(Pictures with short captions)
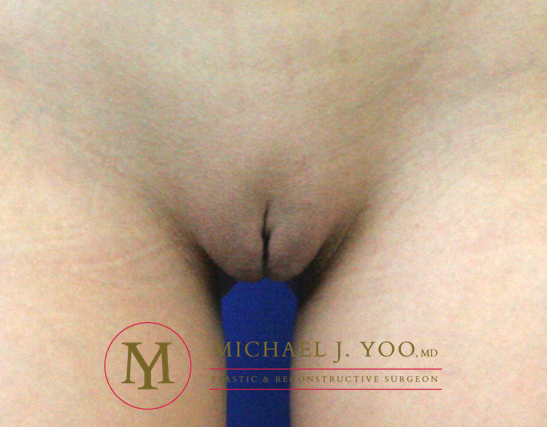Labiaplasty Before & After Patient #2263
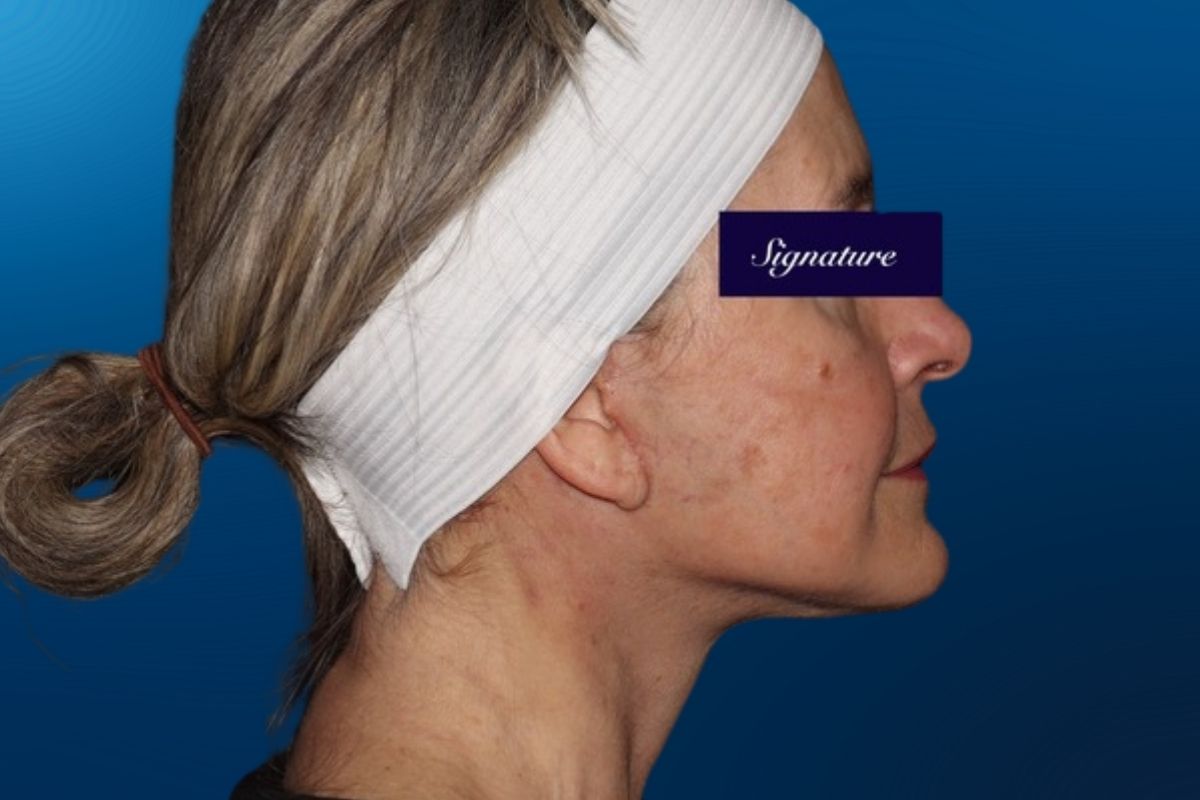 Facelift 1F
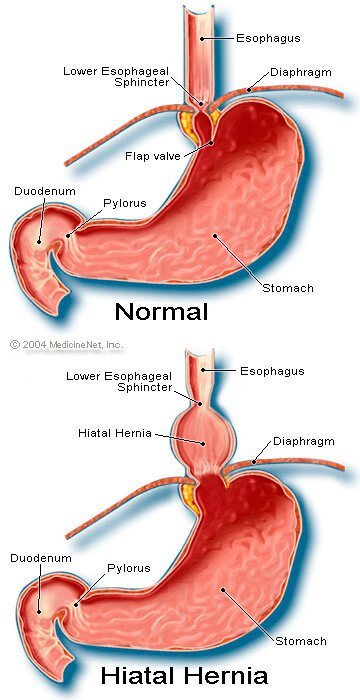 Ảnh 2 của Diaphragmatic hernia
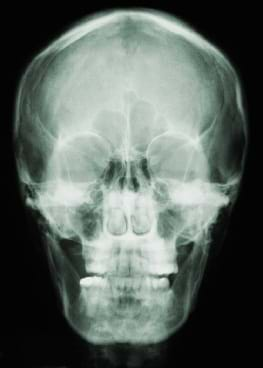 X-ray of a human skull.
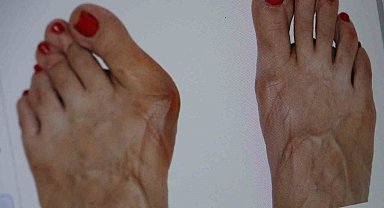 Topuklu ve sivri burun ayakkabı giyenler dikkat: Parmağınızın anatomisi bozulabilir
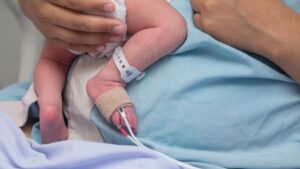 Tamiz neonatal para la prevención de discapacidad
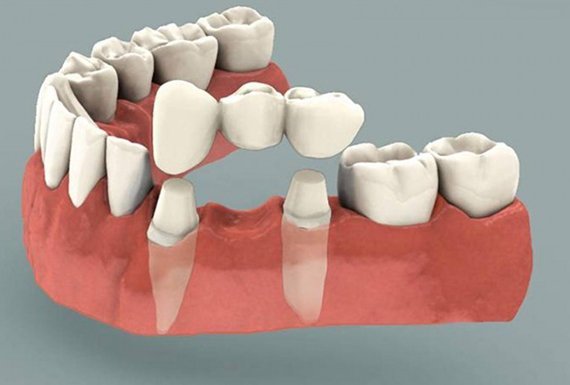 Trồng răng giả có đau không? 2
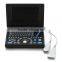 CE Approved Laptop PC platform 3D image Ultrasound Machine/Scanner with 3.5Mhz Convex probe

What you are asked to do - Each record above has to be written out again in full, but its pictures must not be.

Problem solution -
Labiaplasty Before & After Patient #2263
 Facelift 1F
 Ảnh 2 của Diaphragmatic hernia
 X-ray of a human skull.
 Topuklu ve sivri burun ayakkabı giyenler dikkat: Parmağınızın anatomisi bozulabilir
 Tamiz neonatal para la prevención de discapacidad
 Trồng răng giả có đau không? 2
 CE Approved Laptop PC platform 3D image Ultrasound Machine/Scanner with 3.5Mhz Convex probe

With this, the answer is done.